Haskell Project: Show, Compare, and Filter

:: haskell, tutorial

Now that we have a few basic types we should start working on making their interaction nicer. It is pretty important to be able to print and compare data types so we will start there. Once we are able to compare, we should be able to filter lists of data types.

If you didn’t read the previous post catch up on Stack and Data Types. Next post introduces Unit Testing.

About Data Structures

In the previous post we created a few very basic data types using the type and data keywords. There are three data type keywords and we will quickly cover them here.

Data Type Keyword: type

-- |Name is a string
type Name = String

-- |Age is an Int
type Age = Int

type is the simplest data type keyword. It creates an alias to an already existing type. In the code above we have created a type Name that is really just a String. Age is really just an Int. Both types can be interchanged with their aliased types and can use functions defined for their originating types.

>>> let x = "Joe" :: Name
>>> :t x
x :: Name
>>> x
"Joe"
>>> length x
3

Since we aren’t doing anything extremely interesting with Name, having it defined as an alias to String makes a lot of sense since its mostly for making the code more readable.
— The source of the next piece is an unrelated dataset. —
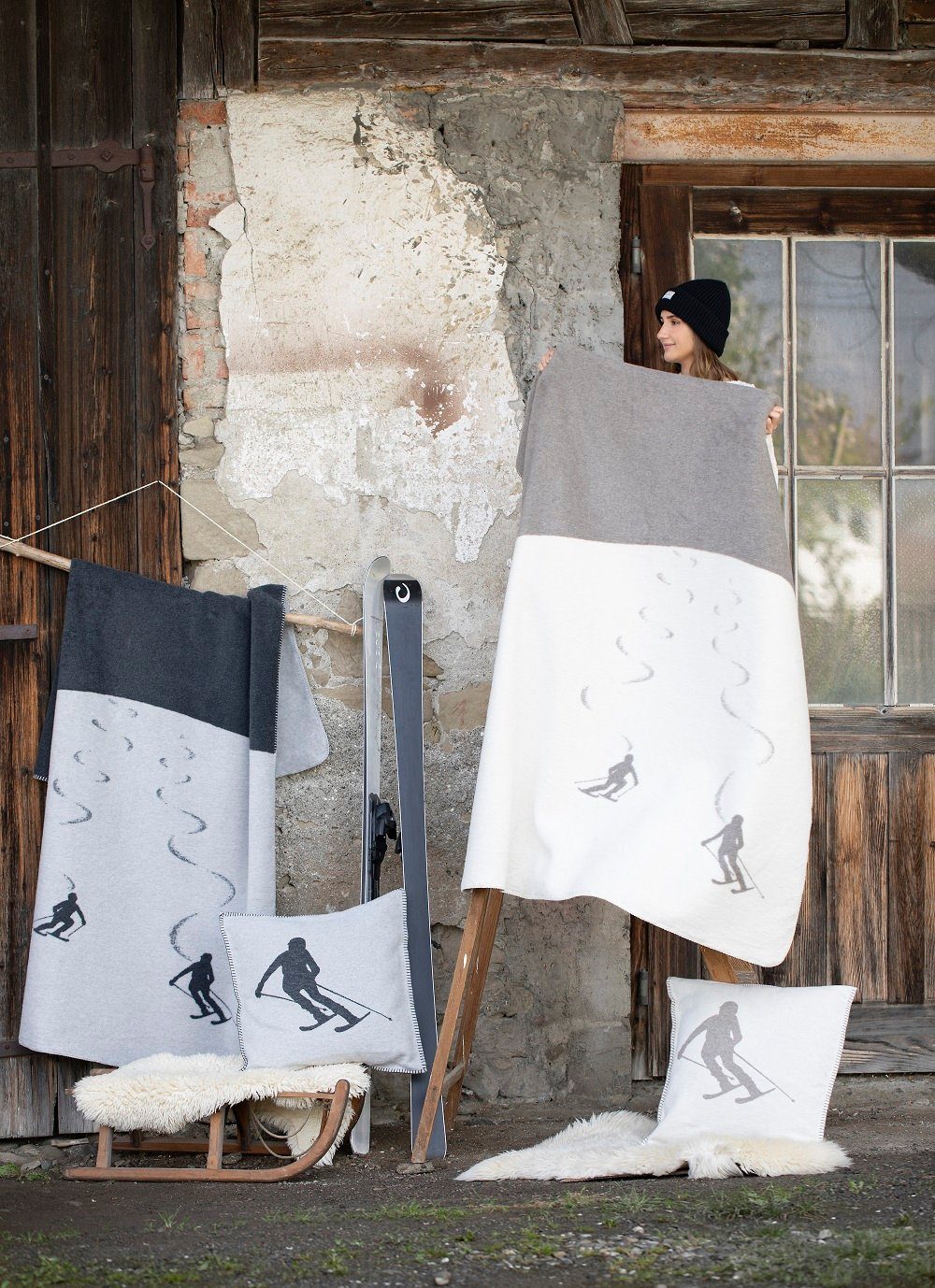 Wohndecke Savona 'Skifahrer' 150 x 200 cm, DAVID FUSSENEGGER günstig online kaufen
>>> let nameLength :: Name -> Int
        nameLength = length
>>> :t nameLength
nameLength :: Name -> Int
>>> nameLength x
3

Since length works on Foldable class types and String is a Foldable then our alias works with length as well. (I’ll explain type classes later in the post.) Our simple little method to calculate the length of a name is all just syntactic sugar to make the code more readable.

One thing to note though. When creating data types using type, type safty is enforced only allowing the casting to work from dirived type to base type. For example, lets say we create two types, GivenName and SirName:

type GivenName = String
type SirName = String

And we create a method that prints the full name with the following signature:

printName :: GivenName -> SirName -> IO ()

Even though both data types are aliases to String you cannot pass a SirName for the argument where a GivenName is expected.

Data Type Keyword: data

The next data type keyword we used was data. This keyword describes a structure with

  • One or more constructors
  • Each constructor contains zero or more fields

In the example we will create a Person data type that has a single constructor and takes in a Name and an Age.

-- |Person: Contains a name (string) and an age (int)
data Person = Person Name Age

Another example is to create a data type that represents a department of an business. There are two different types of departments: Empty and Staffed. Both department types have a name but only one has a list of employees.

-- |Department: Two different versions
-- EmptyDepartment: Dept Name
-- StaffedDepartment: Dept Name and list of staff

data Department = EmptyDepartment Name
                | StaffedDepartment Name [Person]

Functions can now interact with the type Department but have two different versions to handle.

staffCountInDepartment :: Department -> Int
staffCountInDepartment (EmptyDepartment _) = 0
staffCountInDepartment (StaffedDepartment _ staff) = length staff

Using pattern matching we are able to create two different forms of the staffCountInDepartment function which handles an EmptyDepartment differently than a StaffedDepartment.

Here we also see the difference between the data type and the constructor strings. In the function signature we use Department since that is the type. In the implementation we use the constructor names EmptyDepartment and StaffedDepartment. In our Person example since there is only one constructor it is acceptable to have both the data type and constructor to have the same name.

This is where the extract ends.